EXERCISE MATERIAL START

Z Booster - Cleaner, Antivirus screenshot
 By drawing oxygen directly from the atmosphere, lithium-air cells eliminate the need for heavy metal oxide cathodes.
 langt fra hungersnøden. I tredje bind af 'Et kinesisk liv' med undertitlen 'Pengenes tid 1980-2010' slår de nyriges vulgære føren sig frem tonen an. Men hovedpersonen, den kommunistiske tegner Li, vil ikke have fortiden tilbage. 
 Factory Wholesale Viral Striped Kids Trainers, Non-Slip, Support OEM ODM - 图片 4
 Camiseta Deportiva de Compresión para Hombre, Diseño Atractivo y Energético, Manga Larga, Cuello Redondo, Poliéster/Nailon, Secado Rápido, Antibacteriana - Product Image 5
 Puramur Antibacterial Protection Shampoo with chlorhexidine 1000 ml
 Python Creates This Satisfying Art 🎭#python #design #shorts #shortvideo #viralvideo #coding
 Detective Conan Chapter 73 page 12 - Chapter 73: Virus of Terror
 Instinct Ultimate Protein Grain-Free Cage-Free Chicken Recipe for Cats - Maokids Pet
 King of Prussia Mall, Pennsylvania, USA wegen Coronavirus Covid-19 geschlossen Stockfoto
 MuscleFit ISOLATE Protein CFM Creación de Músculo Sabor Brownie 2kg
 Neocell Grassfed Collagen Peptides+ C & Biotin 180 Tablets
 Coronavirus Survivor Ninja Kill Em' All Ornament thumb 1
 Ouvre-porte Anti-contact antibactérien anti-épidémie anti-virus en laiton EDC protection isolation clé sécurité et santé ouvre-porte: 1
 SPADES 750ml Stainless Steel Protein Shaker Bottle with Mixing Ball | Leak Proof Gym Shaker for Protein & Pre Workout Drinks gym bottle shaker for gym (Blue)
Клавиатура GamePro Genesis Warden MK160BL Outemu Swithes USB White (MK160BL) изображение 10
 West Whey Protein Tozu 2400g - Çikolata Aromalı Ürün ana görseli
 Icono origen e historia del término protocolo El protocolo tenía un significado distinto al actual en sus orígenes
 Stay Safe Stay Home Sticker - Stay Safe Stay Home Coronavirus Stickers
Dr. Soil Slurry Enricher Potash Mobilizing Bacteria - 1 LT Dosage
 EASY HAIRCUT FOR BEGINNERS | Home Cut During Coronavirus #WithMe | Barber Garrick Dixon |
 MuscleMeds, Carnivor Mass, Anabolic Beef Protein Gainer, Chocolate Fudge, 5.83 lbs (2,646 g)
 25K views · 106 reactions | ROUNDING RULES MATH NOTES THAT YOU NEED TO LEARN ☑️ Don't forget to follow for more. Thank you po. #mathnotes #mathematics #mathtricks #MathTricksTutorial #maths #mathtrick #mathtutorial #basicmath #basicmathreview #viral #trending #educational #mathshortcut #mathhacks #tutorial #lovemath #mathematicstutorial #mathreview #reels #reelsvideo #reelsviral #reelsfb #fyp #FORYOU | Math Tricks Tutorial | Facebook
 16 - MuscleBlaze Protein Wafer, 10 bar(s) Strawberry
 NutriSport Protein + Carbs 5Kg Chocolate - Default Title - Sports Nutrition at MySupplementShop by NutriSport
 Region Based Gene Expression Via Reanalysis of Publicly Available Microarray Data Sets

EXERCISE MATERIAL END

WORK ORDER >> Only a number belongs in the answer: the number of lines in the preceding data that hold "Chocolate".

OUTPUT FOR THIS EXERCISE >> 2